I have the following model:

class Encoder(nn.Module):                                                                                                                                 
      def __init__(self, action_dim, z_dim, skill_length):                                                                                                  
          super().__init__()                                                                                                                                
                                                                                                                                             
          self.lstm = nn.LSTM(action_dim, z_dim, skill_length, batch_first=True)                                                                                                             
                                                                                                                                                                                                                                                               
          self.log_std = nn.Parameter(torch.Tensor(z_dim))                                                                                                                                                                                                                
                                                                                                                                                                                                                                                                                                                    
      def forward(self, skill):                                                                                                                             
          mean, _ = self.lstm(skill)                                                                                                                                                                                                                                                    
          mean = mean[:, -1, :]                                                                                                                             
          std = torch.exp(torch.clamp(self.log_std, min=math.log(epsilon)))                                                                                 
          density = Normal(mean, std)                                                                                                                       
          sample = density.rsample()                                                                                                                        
                                                                                                                                                                                                 
          return sample, density  

Then, I have the following code to extract and initialize parameters:

def pars(model):
    params = {}
    for name, param in model.named_parameters():
        if 'std' in name:
            init = torch.nn.init.constant_(param, 0)
        else:
            init = torch.nn.init.orthogonal_(param)
        params[name] = nn.Parameter(init)
    return params

Then, I’d like to do this:

model = Encoder(6, 2, 10)
x = torch.rand(25, 10, 6)
params = pars(model)

samp, d = functional_call(model, params, x)

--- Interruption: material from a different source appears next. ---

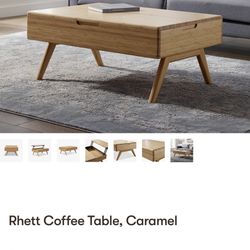 Gentle Used Coffee Table With Storage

grad = autograd.grad(torch.mean(samp), params.values(), retain_graph=True, allow_unused=True)

There should be derivative depending on the lstm layer as well as the std layer, but in my case I get None for the lstm layer.

When I run

samp, d = model(x)
grad = autograd.grad(torch.mean(samp), model.parameters(), retain_graph=True)

then I get the correct gradient, i.e.g, it depends on the lstm layer as well as the std parameters, instead of getting None.

I am not sure what the problem is. I have computed gradients successfully before using functional_call, but it seems introducing rsample is causing some issues. I’d appreciate any help.

Edit: I found the problem is with the LSTM layer. When I use a linear layer, instead of LSTM, then everything works fine.